_WORK TO COMPLETE:_ Work out how many lines of the listing below contain the word "wheel". Respond with that number only.

___ DATASET ENTRIES ___

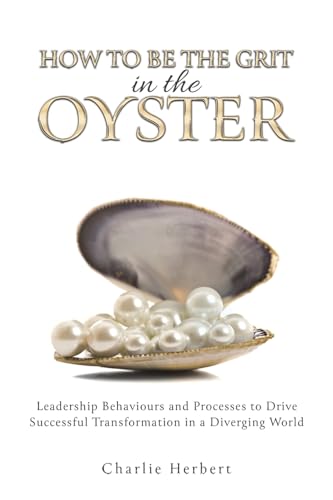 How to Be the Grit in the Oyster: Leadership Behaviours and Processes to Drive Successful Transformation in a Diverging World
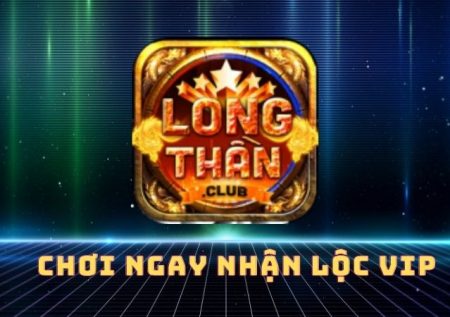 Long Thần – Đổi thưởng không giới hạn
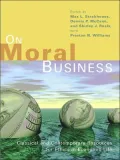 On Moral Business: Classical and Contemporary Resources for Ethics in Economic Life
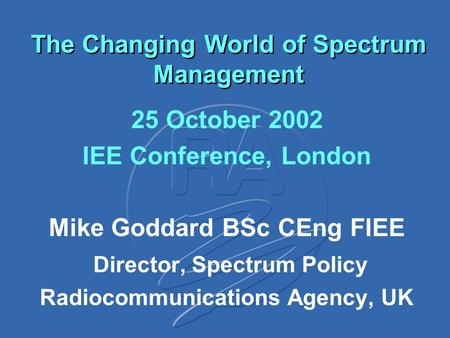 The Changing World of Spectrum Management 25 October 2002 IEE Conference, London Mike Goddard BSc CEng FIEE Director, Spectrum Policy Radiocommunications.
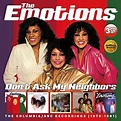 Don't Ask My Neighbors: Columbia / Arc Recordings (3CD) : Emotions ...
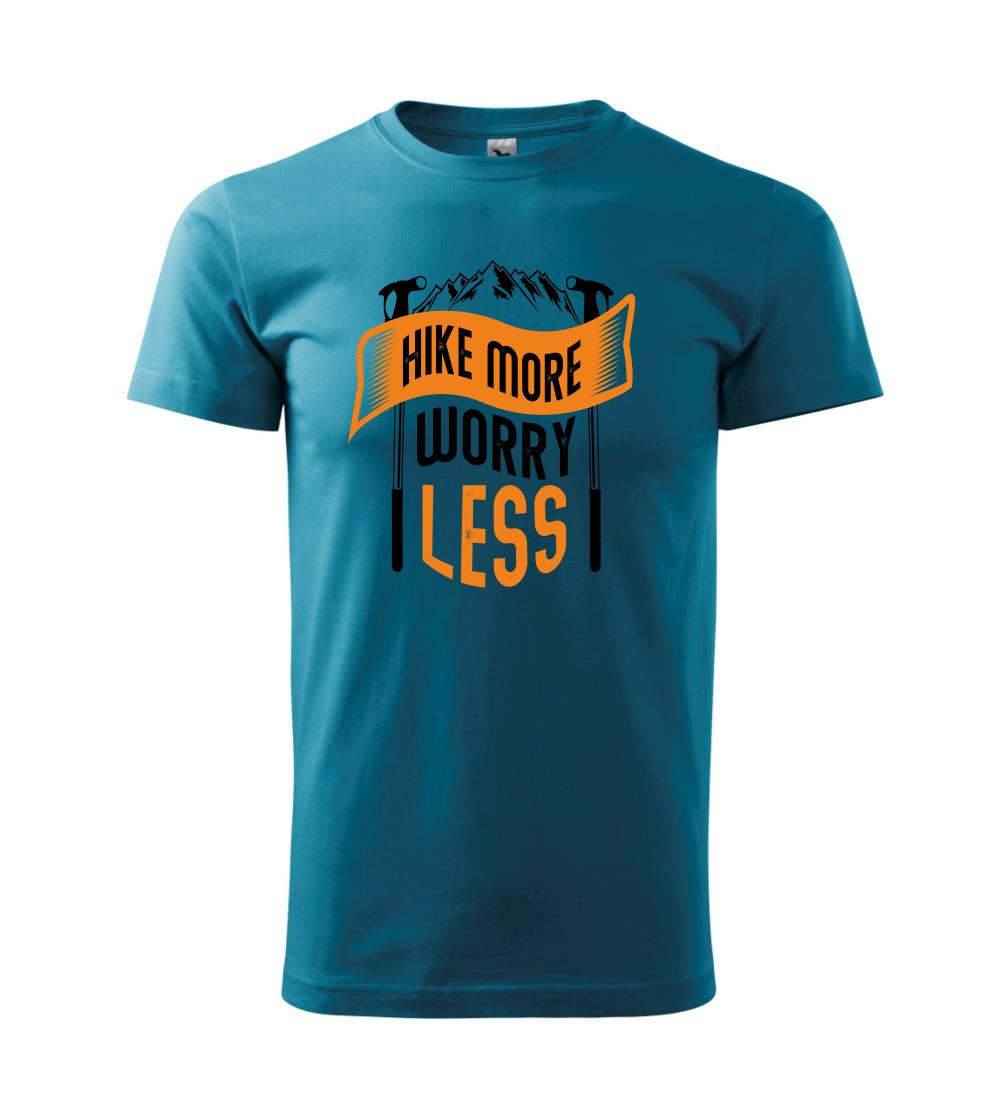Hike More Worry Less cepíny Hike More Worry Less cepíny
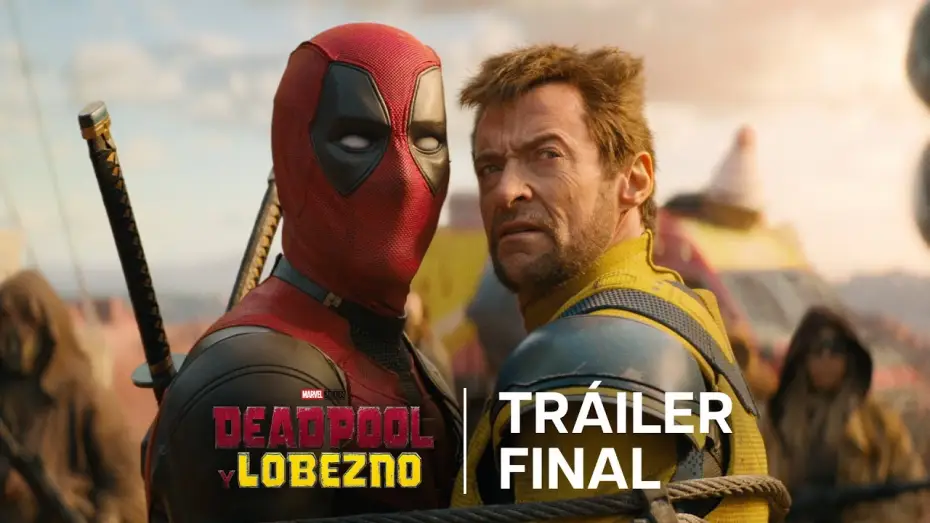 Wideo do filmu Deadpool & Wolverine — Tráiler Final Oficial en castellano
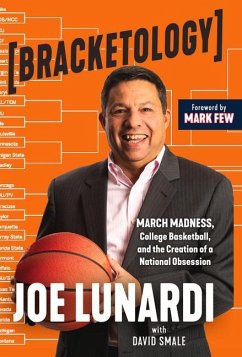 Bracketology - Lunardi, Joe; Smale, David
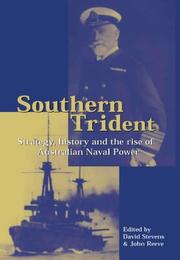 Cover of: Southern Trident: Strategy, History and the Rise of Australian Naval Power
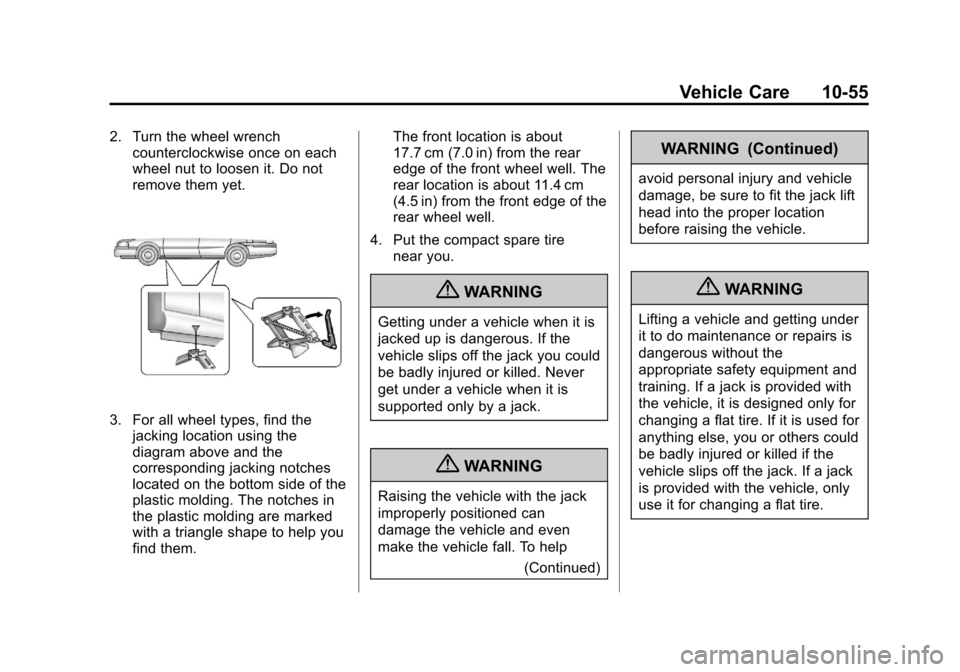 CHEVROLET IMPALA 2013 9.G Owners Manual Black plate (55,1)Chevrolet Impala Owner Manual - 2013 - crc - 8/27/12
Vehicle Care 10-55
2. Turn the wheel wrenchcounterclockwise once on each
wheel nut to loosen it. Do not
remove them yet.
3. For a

___
___ DATASET ENTRIES ___

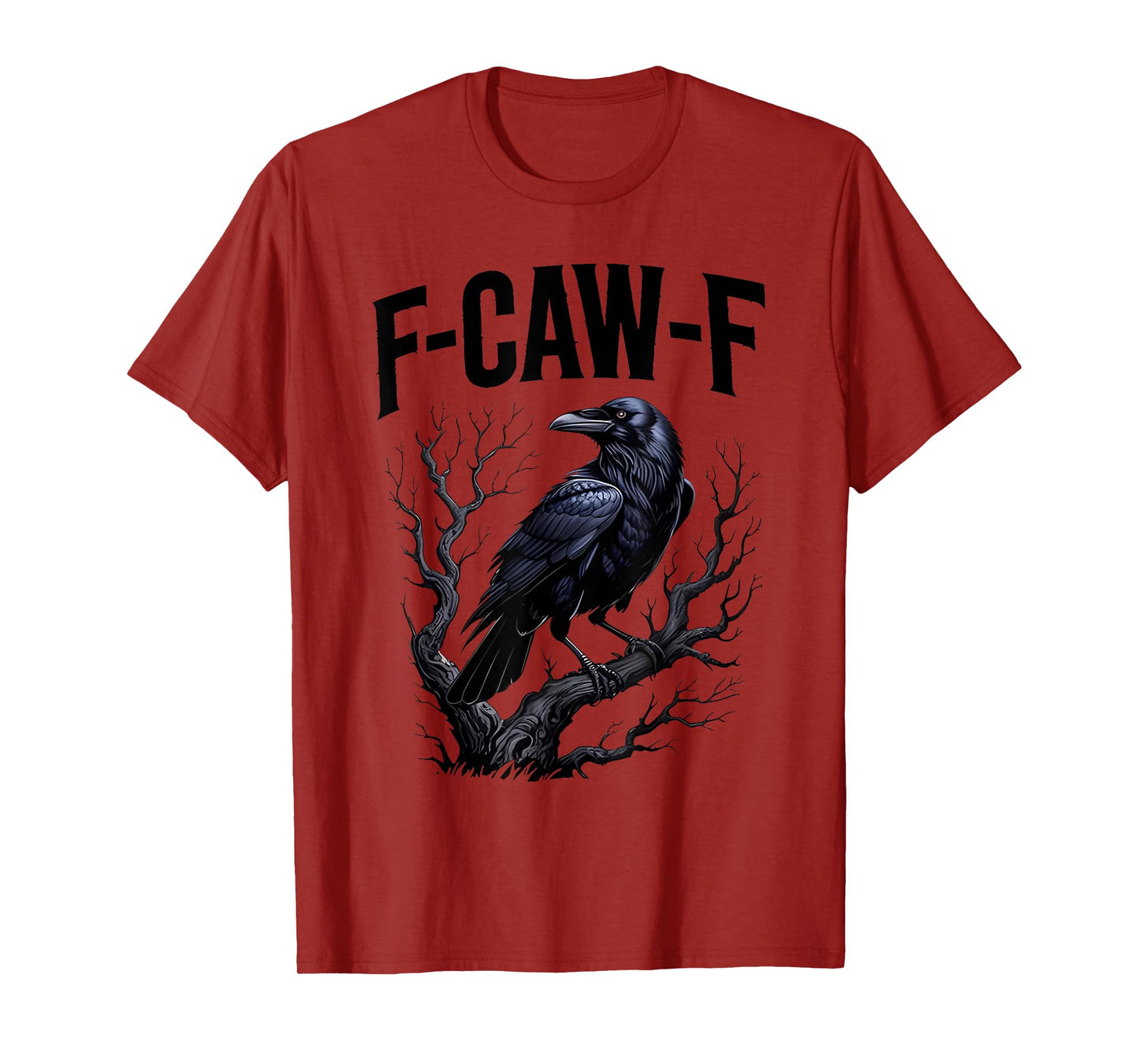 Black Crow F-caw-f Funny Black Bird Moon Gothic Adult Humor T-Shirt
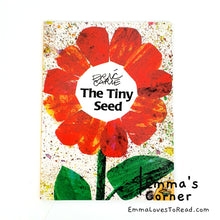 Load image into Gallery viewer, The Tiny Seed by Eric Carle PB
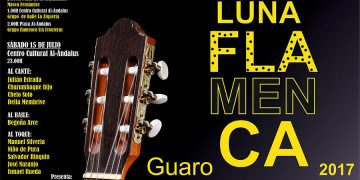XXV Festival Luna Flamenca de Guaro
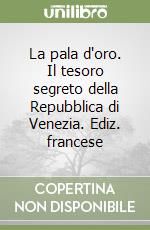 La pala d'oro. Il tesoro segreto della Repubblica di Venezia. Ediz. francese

___
___ DATASET ENTRIES ___

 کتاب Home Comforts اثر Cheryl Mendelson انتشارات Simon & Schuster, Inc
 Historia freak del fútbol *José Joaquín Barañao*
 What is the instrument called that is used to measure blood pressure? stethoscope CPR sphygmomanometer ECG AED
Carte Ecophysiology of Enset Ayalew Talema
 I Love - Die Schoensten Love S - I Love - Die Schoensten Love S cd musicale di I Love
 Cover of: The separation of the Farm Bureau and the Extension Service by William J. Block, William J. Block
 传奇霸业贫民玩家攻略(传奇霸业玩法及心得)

___

_WRITTEN ANSWER:_ 2